*SOURCE DATA:*
Segment Open
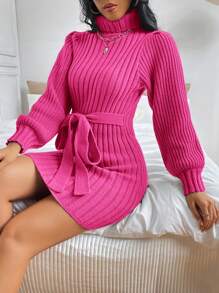 EURMUSE Turtleneck Lantern Sleeve Ribbed Knit Belted Sweater Dress - Hot Pink - View 5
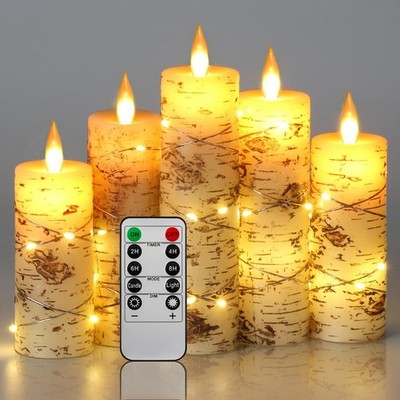 Da by LED Candles Hand Painted Birch Bark Recessed String Candles Set of 5 (H...
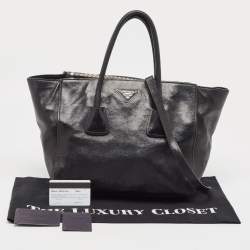 Pre Owned Prada Black Glazed Leather Twin Pocket Double Handle Tote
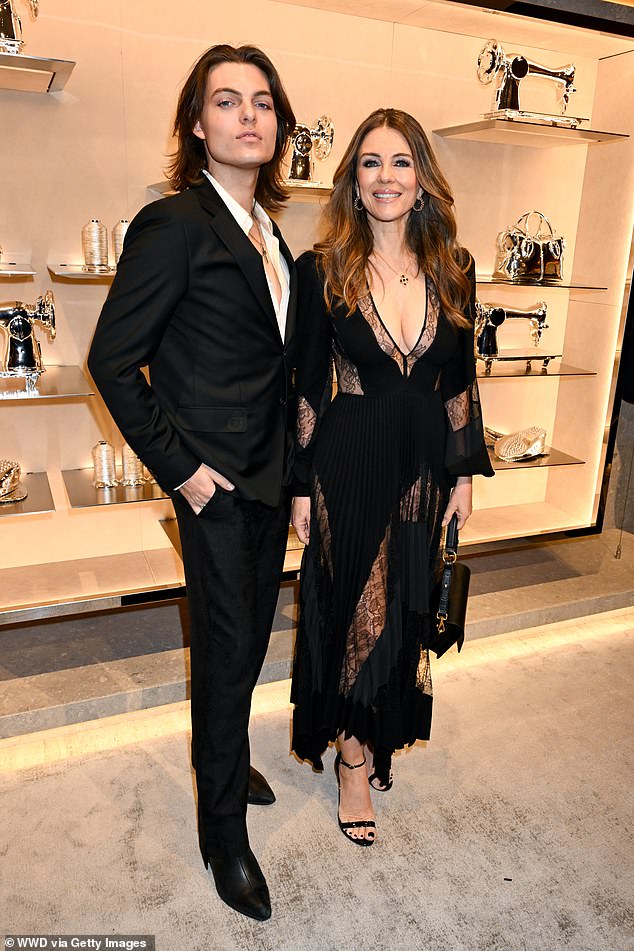Elizabeth Hurley made a glamorous appearance alongside her son Damian at the Tod's cocktail and dinner as part of New York Ready to Wear Fashion Week.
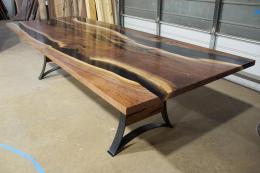 Walnut Dining Table With Translucent Black Epoxy River 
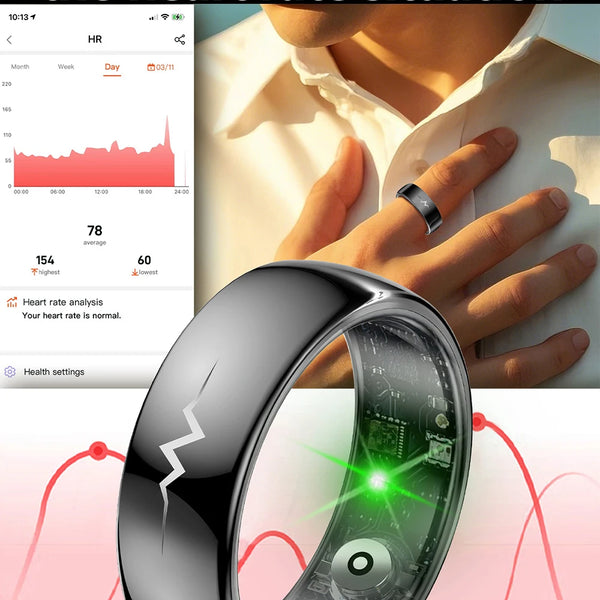 ECG Health Smart Ring – Heart, Blood Oxygen, Sleep Monitor, 5ATM Waterproof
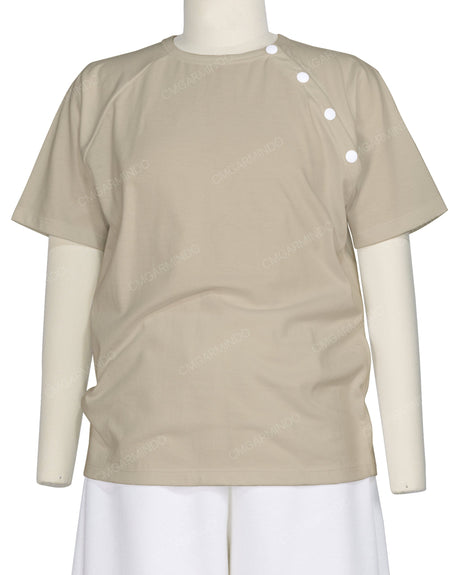 Button Shoulder Raglan T-Shirt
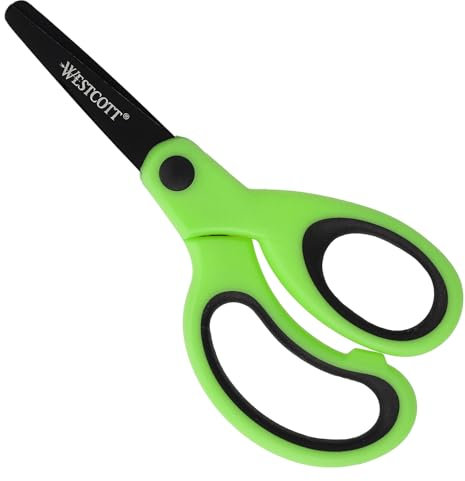 Westcott Softgrip Kinderschere Neon Grün Rechtshänder | Schere mit ergonomischem Griff für Vorschulkinder | Bastelschere 13 cm (5) ideal für Kinderhände | Abgerundete Spitze | E-21565 00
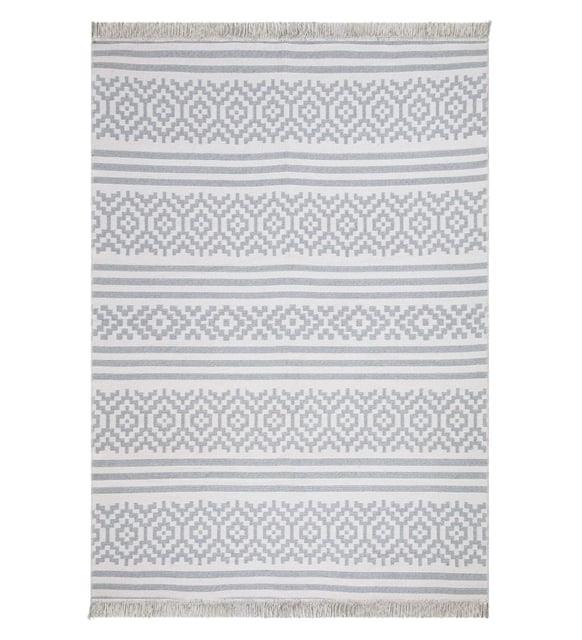Koza Halı Duo Beyaz Gri Çift Taraflı Yıkanabilir Dokuma Kilim 22996A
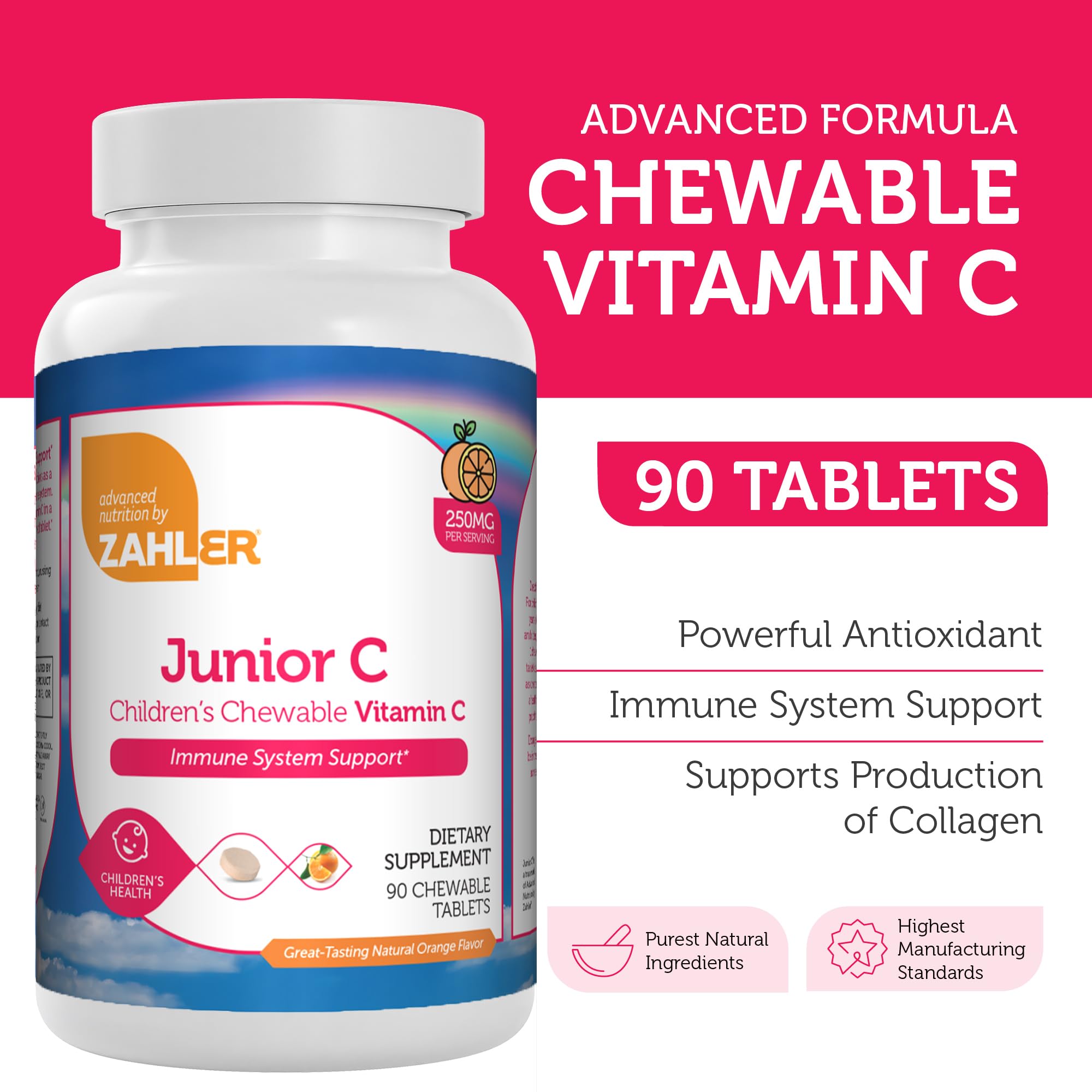 Close-up of Zahler Junior C Advanced orange-flavored Vitamin C chewables for kids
Segment Closed
*WORK TASK:*
Return each entry exactly as it appears above, but exclude the pictures.

*ANSWER:*
 EURMUSE Turtleneck Lantern Sleeve Ribbed Knit Belted Sweater Dress - Hot Pink - View 5
 Da by LED Candles Hand Painted Birch Bark Recessed String Candles Set of 5 (H...
 Pre Owned Prada Black Glazed Leather Twin Pocket Double Handle Tote
Elizabeth Hurley made a glamorous appearance alongside her son Damian at the Tod's cocktail and dinner as part of New York Ready to Wear Fashion Week.
 Walnut Dining Table With Translucent Black Epoxy River 
 ECG Health Smart Ring – Heart, Blood Oxygen, Sleep Monitor, 5ATM Waterproof
 Button Shoulder Raglan T-Shirt
 Westcott Softgrip Kinderschere Neon Grün Rechtshänder | Schere mit ergonomischem Griff für Vorschulkinder | Bastelschere 13 cm (5) ideal für Kinderhände | Abgerundete Spitze | E-21565 00
Koza Halı Duo Beyaz Gri Çift Taraflı Yıkanabilir Dokuma Kilim 22996A
 Close-up of Zahler Junior C Advanced orange-flavored Vitamin C chewables for kids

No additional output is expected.